Cyber-attackers slammed the brakes on Jaguar Land Rover’s manufacturing – here’s why the UK government should step in
By David Bailey,Professor of Business Economics,University of Birmingham
Copyright theconversation
Car manufacturing at Jaguar Land Rover recently ground to a halt after a “catastrophic” cyber-attack.
Forced to shut down plants in the UK, Slovakia, Brazil, India and China, the disruption comes at a challenging time for the company. It had already postponed the launch of new models after the uptake of electric vehicles stalled. And Donald Trump’s tariffs have been a major cause of concern for the British car industry as a whole.
Profits at Jaguar Land Rover (JLR) will undoubtedly take a hit, as they did at M&S and Co-op when they were the victims of cyber-attacks earlier this year.
Normally, JLR makes around 1,000 cars a day, with the average price of a new vehicle around £72,000. That means JLR is missing out on daily sales of some £72 million, and profits of £5 million a day.
The firm has now extended the shutdown to September 24 2025, by which time the loss of revenues will be around £1.7 billion and the hit to profits some £120 million. There are even fears that this could go on until November, and restarting production will be a complex business given the “build to order” nature of premium cars (when vehicles are only manufactured after a customer purchase is confirmed).
But the longer the shutdown goes on, the more likely it is that those customers will simply decide to go elsewhere. For the time being, spare parts can’t be ordered, cars can’t be serviced, and new car sales will stall, in what is usually a particularly busy month.
The firm’s brand image will take a battering too, to add to recent social media derision which has included an attack from Donald Trump and a much maligned brand relaunch last year which centred on the controversial design of its “Type OO” concept car.
There are also livelihoods at stake. The company’s supply chain, centred in the west Midlands region of the UK, supports as many as 200,000 jobs.
The longer the shutdown goes on the bigger the impact on the supply chain. Firms have already sent staff home, while others are running out of money. According to the Unite union, some supply chain workers have been told to apply for state benefits.
For its part, JLR has said that it can survive the shutdown but that its supply chain will need help – a call echoed by the union and some members of parliament.
And the UK government really needs to start thinking about a financial lifeline to keep the supply chain going. That could be in the form of a furlough scheme to keep workers in place or some sort of loan scheme for supply chain firms.
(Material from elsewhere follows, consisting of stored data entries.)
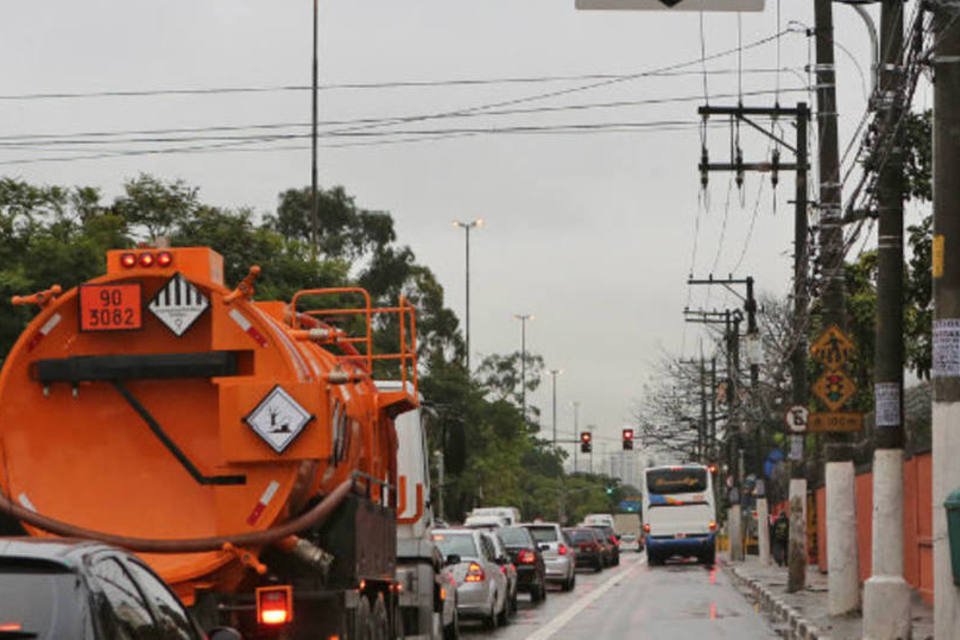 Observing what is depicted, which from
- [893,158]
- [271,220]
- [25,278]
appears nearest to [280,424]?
[893,158]

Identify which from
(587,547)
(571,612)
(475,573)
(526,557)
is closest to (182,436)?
(475,573)

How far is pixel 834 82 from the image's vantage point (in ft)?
99.8

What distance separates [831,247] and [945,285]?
1120cm

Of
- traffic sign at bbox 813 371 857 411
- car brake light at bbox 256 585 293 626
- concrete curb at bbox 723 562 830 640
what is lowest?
concrete curb at bbox 723 562 830 640

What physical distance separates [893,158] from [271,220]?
56374 millimetres

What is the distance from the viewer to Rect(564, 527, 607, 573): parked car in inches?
2435

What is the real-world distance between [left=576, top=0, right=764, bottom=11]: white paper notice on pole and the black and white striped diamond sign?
3.35 metres

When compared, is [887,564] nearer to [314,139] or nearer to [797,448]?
[797,448]

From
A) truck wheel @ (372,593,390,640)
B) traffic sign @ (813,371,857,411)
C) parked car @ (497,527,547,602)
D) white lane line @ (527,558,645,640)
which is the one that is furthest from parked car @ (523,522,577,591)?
truck wheel @ (372,593,390,640)

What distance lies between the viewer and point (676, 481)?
231 feet

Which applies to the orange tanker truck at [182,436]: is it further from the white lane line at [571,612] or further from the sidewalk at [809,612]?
the white lane line at [571,612]

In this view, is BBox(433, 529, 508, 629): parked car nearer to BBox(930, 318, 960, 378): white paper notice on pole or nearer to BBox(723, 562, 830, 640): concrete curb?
BBox(723, 562, 830, 640): concrete curb

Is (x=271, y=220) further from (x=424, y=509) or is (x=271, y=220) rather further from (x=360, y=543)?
(x=360, y=543)

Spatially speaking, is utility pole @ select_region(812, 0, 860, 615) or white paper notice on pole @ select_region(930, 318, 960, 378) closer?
white paper notice on pole @ select_region(930, 318, 960, 378) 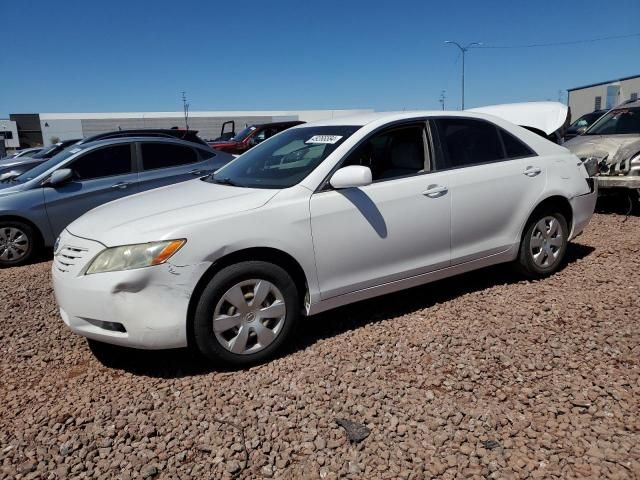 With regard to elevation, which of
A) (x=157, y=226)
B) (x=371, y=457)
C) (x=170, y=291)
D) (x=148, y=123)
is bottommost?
(x=371, y=457)

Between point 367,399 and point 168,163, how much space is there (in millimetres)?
5548

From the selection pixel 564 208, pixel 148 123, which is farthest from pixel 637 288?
pixel 148 123

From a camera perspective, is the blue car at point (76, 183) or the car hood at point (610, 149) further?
the car hood at point (610, 149)

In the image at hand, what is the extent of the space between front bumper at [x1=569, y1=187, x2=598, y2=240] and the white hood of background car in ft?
3.83

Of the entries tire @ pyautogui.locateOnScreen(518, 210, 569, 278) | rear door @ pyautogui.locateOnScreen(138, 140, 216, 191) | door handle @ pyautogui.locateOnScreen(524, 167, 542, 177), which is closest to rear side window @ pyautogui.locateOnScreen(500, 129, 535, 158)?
door handle @ pyautogui.locateOnScreen(524, 167, 542, 177)

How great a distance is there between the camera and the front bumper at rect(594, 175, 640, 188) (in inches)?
279

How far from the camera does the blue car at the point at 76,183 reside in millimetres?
6715

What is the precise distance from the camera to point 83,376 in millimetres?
3447

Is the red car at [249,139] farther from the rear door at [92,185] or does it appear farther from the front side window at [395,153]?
the front side window at [395,153]

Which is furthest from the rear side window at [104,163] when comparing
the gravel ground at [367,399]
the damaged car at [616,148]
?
the damaged car at [616,148]

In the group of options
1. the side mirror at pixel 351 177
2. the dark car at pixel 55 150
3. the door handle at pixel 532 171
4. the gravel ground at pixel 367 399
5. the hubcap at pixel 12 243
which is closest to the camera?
the gravel ground at pixel 367 399

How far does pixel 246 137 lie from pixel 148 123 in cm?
7102

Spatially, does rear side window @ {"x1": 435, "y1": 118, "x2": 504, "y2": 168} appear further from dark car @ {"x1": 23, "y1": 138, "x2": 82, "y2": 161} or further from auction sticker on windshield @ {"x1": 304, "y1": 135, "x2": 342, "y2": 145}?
dark car @ {"x1": 23, "y1": 138, "x2": 82, "y2": 161}

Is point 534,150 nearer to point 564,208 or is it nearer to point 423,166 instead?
point 564,208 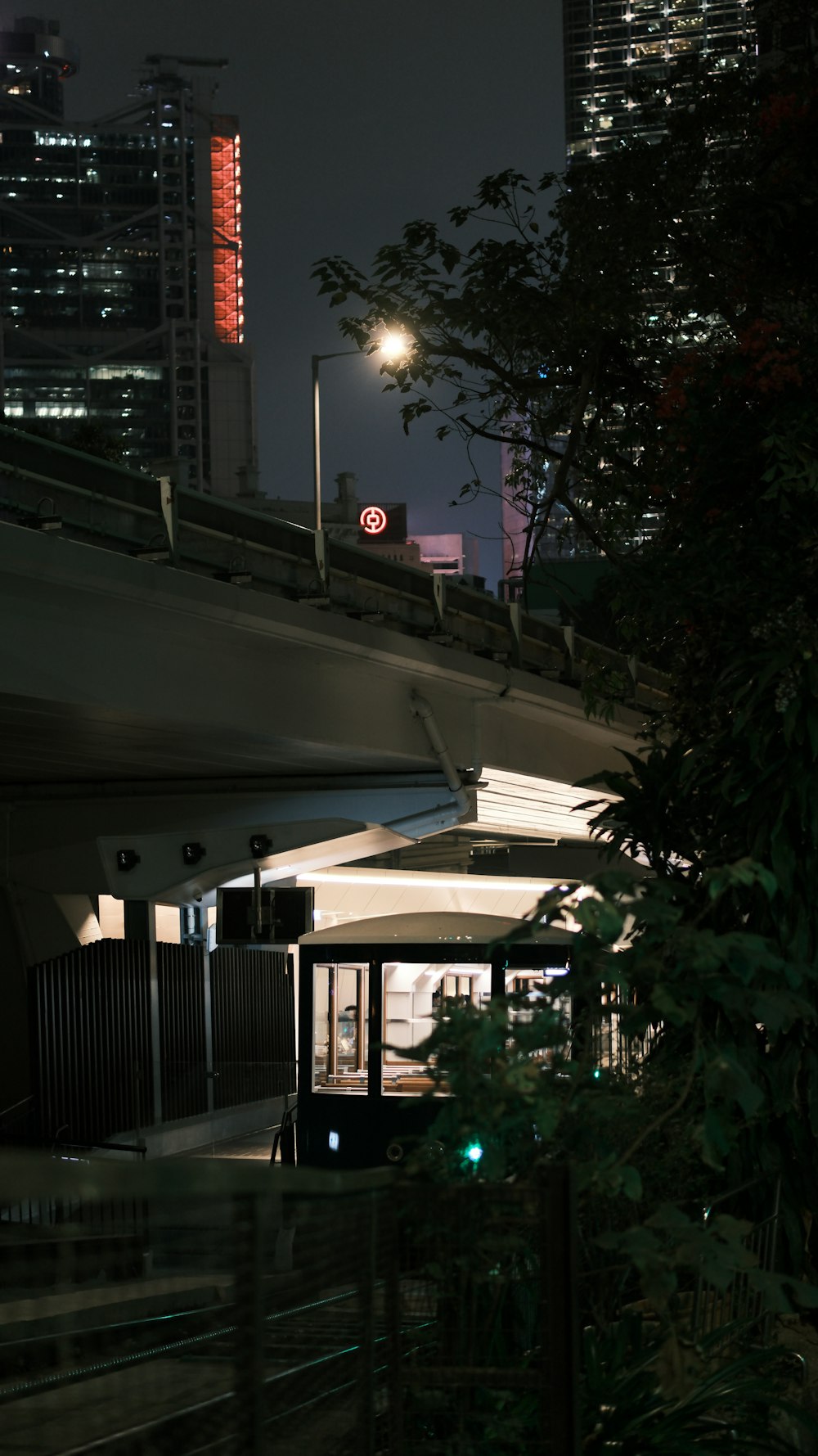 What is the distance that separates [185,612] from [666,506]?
553 cm

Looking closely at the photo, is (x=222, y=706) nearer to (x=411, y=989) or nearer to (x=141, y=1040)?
(x=411, y=989)

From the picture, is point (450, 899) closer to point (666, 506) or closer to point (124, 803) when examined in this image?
point (124, 803)

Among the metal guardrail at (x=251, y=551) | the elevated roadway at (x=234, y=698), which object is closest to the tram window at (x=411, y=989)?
the elevated roadway at (x=234, y=698)

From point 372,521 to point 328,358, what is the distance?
76038 mm

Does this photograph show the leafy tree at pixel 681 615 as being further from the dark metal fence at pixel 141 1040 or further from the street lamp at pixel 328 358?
the dark metal fence at pixel 141 1040

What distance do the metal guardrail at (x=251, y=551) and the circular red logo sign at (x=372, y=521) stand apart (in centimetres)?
7446

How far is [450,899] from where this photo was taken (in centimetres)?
4191

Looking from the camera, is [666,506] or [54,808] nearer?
[666,506]

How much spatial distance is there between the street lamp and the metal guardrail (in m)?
1.21

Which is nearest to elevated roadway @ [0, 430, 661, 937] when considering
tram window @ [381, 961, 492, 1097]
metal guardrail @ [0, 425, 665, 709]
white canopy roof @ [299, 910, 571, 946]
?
metal guardrail @ [0, 425, 665, 709]

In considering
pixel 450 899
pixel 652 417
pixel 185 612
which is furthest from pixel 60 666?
pixel 450 899

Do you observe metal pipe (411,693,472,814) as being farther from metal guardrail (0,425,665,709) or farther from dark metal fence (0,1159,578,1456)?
dark metal fence (0,1159,578,1456)

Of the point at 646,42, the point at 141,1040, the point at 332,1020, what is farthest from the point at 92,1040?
the point at 646,42

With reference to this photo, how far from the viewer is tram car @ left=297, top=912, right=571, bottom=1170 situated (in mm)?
16672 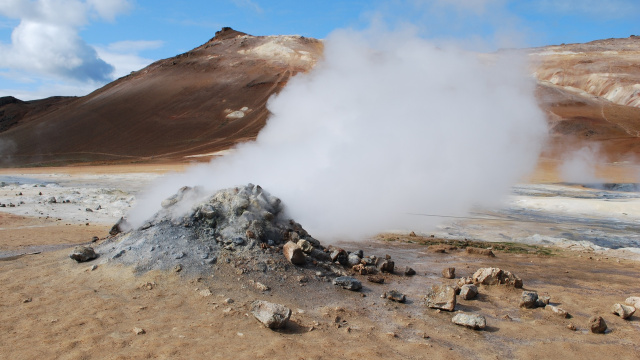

Both were used during COVID and thought to have safeguarded some 4 million jobs.
Emergency support in response to shocks is common in other countries like Germany, and has been used in the UK car manufacturing supply chain before, after the MG Rover closure in 2005, and also after the 2011 Japanese earthquake and tsunami which saw the interrupted flow of key components from Japan shut down production at Honda.
That support came via the regional development agency Advantage West Midlands (in the case of MG Rover) and later the Manufacturing Advisory Service (after the Japanese earthquake).
Both agencies have since been scrapped, underscoring the lack of any “place-based” or region-specific industrial policy capacity in England. That really needs to change.
The Department for Business and Trade and its new secretary of state Peter Kyle need to be doing more than just monitoring the situation. It needs to start thinking about how emergency support could be provided to the supply chain. A huge number of jobs depend on JLR getting up and running again – and quickly.